Mailing List Archive: ANNOUNCE: Apache SpamAssassin 3.4.0 available

On behalf of the project, I am please to announce the availability of
Apache SpamAssassin version 3.4.0.

The Press Release is available on the ASF Blog at http://s.apache.org/G6b
& Release Notes follow. Downloads are available at
http://spamassassin.apache.org/downloads.cgi with some mirror issues
possible as mirrors continue to update for the new release.

Sincerely,

Kevin A. McGrail aka KAM
VP & Chair, ASF SpamAssassin Project

Release Notes -- Apache SpamAssassin -- Version 3.4.0

Introduction
------------

This is a major release. It introduces over two years of bug fixes and
features since the release of SpamAssassin 3.3.2 on June 16, 2011.
3.4.0 includes the Bayes Redis (http://redis.io/) back-end (bug 6879),
EDNS0 changes (bug 6910), native IPv6 support, numerous URIBL.pm changes
or features and a small API change in libspamc (bug 6562) with many other
subtle changes.

SpamAssassin was tested on perl 5.18.2, and (out of curiosity) also
on a Raspberry Pi (ARM6, Raspbian / Debian 7.2 Wheezy, perl 5.14.2)
... yes, it is 20 times slower compared to i7-960 CPU, but all tests
pass!

Overall, this release has been tested on many production-level
environments for nearly a year, including testing on an IPv6-only host.
It is highly recommended and stable.

NOTE: Complete changes are available at
http://svn.apache.org/repos/asf/spamassassin/branches/3.4/Changes

Notable Sendmail Bug
--------------------

Sendmail 8.14.5 and below contain a canonicalization misfeature / bug
that can cause DKIM failures.
See https://issues.apache.org/SpamAssassin/show_bug.cgi?id=6462.

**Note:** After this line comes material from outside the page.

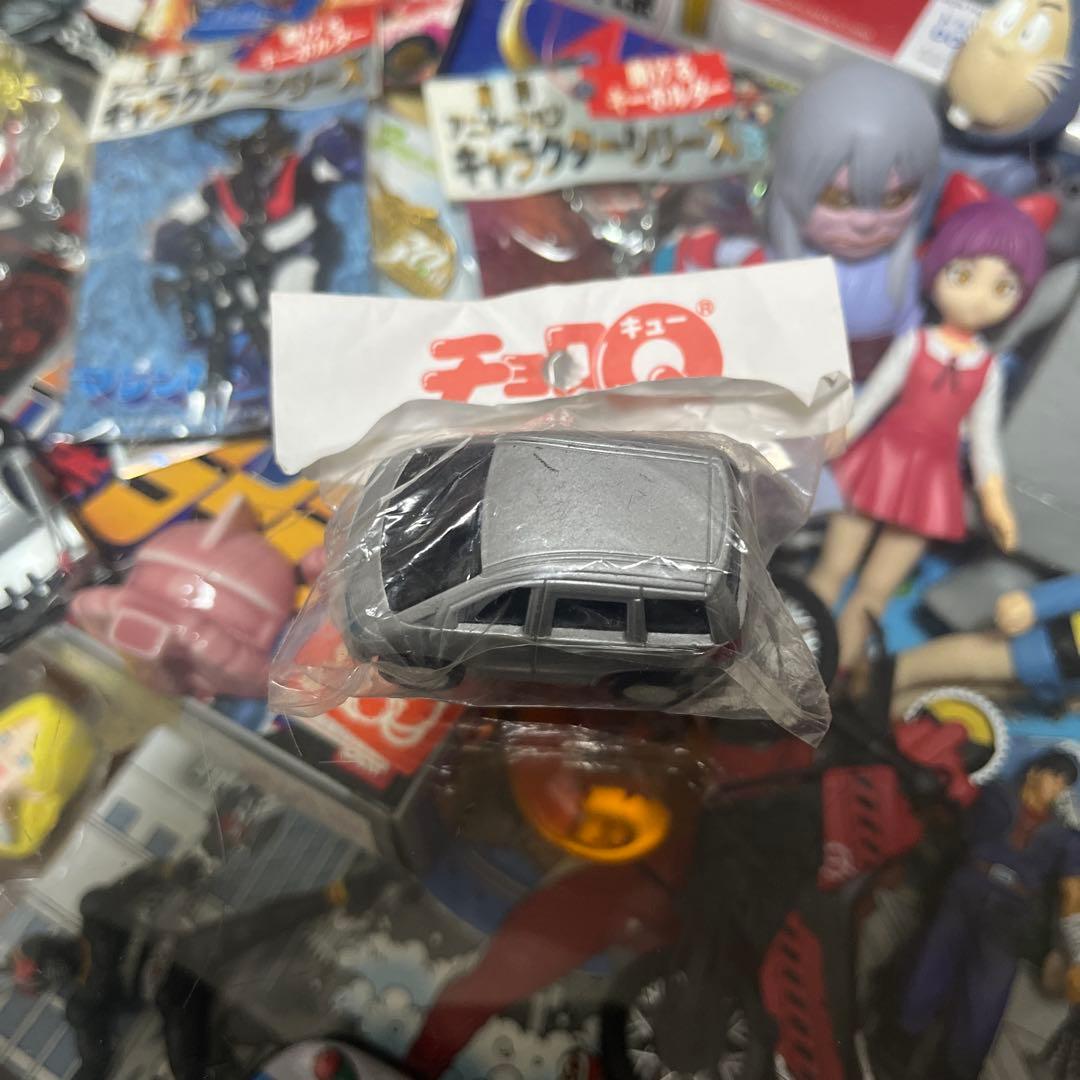 タカラトミー Qステア　ミニ四駆　チョロQ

Compatibility with version 3.3.2
--------------------------------

* DNS queries generated by SpamAssassin now enable option EDNS0 in query
packets and specify a buffer size of 4096 bytes by default. This allows
DNS replies larger than 512 bytes to be returned in one UDP datagram,
avoiding a need for re-issuing a failed query over a TCP protocol. This
default setting is well suited if a DNS resolver (i.e. a recursive DNS
server) is located on the same LAN as a host running SpamAssassin, which
is the usual setup for all but perhaps some home uses of SpamAssassin.

The option should be disabled (by 'dns_options noedns0') when a recursive
DNS server is only reachable through some old-fashioned firewall or through
some picky router with deep packet inspection which bans DNS UDP messages
larger than 512 bytes, or blocks fragmented UDP datagrams.

The 'dns_options' setting is documented in Mail::SpamAssassin::Conf POD
or man page, more details in bug 6910 and bug 6862.

* A default setting for option 'dns_available' was changed from 'test' to
'yes' (bug 6770, bug 6769), so SpamAssassin now assumes by default that
it is running on a host with an internet connection and a working DNS
resolver. If this is not the case, please configure this option explicitly.

The change avoids surprises on an otherwise well connected host which may
experience a temporary DNS unavailability at the system startup time or a
temporary network outage when spamd was starting, and the initial failed
test would disable DNS queries permanently. The option is documented in
the Mail::SpamAssassin::Conf POD or man page.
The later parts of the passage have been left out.